I have four hypervisor hosts. They are all running VMWare Server 2.0.2 Build 203138. Hosts 1-3 are Windows Server 2003 Enterprise SP2, 32-bit. Host 4 is Windows Server 2008 R2 Standard. I have 5 guest VMs: 1 each on Host 1-3, and 2 on Host 4 (a beefier host). All 5 VMs are clones of each other--copy and paste, boot up (well, edit .vmx files first and such). The guests are thus all *identical* other than that they have a different IP address, etc. The guests are CentOS 5.9.
Now then, all was hunky dory on Hosts 1-3. The guests were fine and run a certain application for us.
I copied-and-pasted one instance of the VM guest to Host 4, making two copies.
I booted both of those, and configured the guest (IP address, etc.).

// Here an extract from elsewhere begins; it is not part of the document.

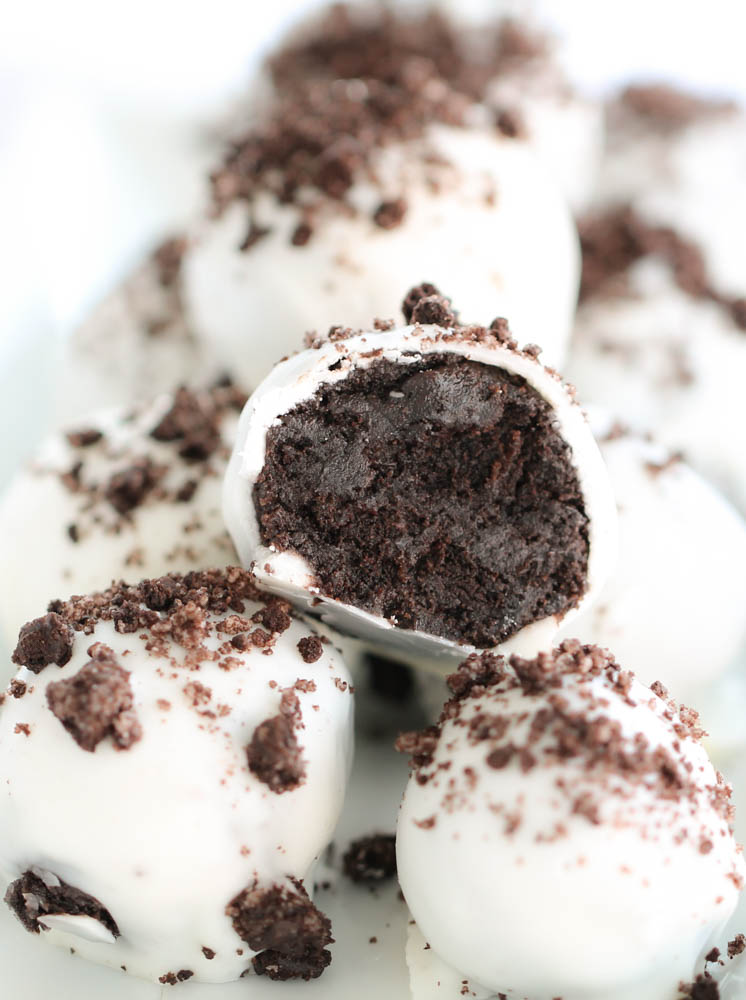 Oreo Cookie Truffles with one showing the truffle filling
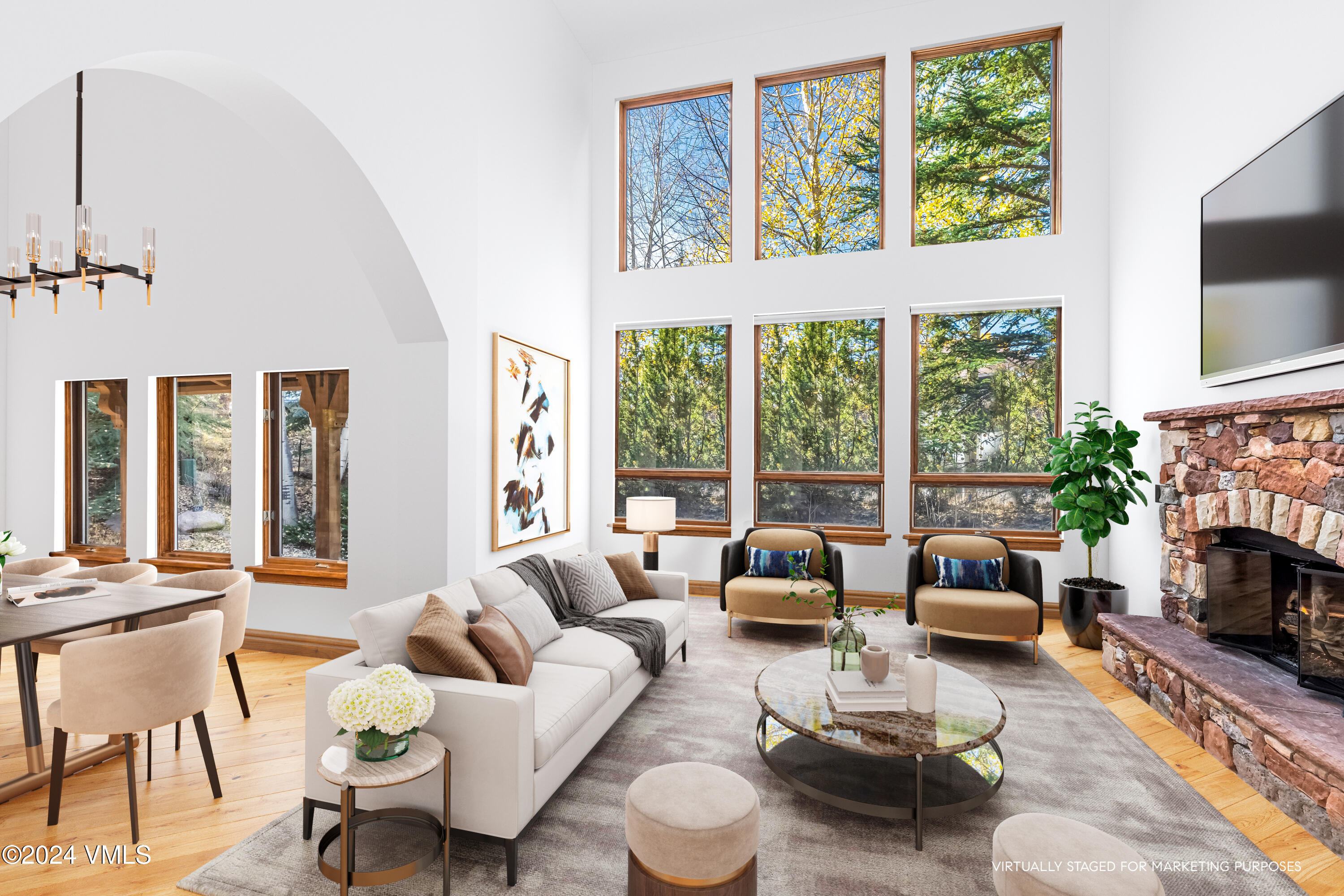 2076 Vermont Road Vail, CO 81657 - Photo 6 of 39 a living room with furniture large window and a flat screen tv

So far, great. I now have 5 VMs instead of 3, running across a total of 4 hosts.
But I noticed that the *exact* same application running the *exact* same configuration on the VMs on Host 4 uses 3 times the memory as its clone brothers. 3 times!
I tried to address this in the application itself, which involves Java. But nothing there helped.
So, I am completely puzzled. To the guest VM (CentOS), there is NO difference from the other VMs. It's literally a copy-and-pasted clone of the others. Why in the world would the same application running under the same OS and completely copied use THREE TIMES the RAM?
The only difference I can think of is that hypervisor hosts 1-3 are 32-bit and hypervisor host (VMware Server host) #4 is 64-bit. But the guest is the same guest!
Does anybody have any idea why what should be as close to mirror image copies as possible would result in radically different application memory usage within the guest on one single host?
(NOTE: both the VM guests running on Host 4 have this higher memory usage. Guests 1-3, running respectively (one each) on Hosts 1-3, do not have the high memory usage in the application).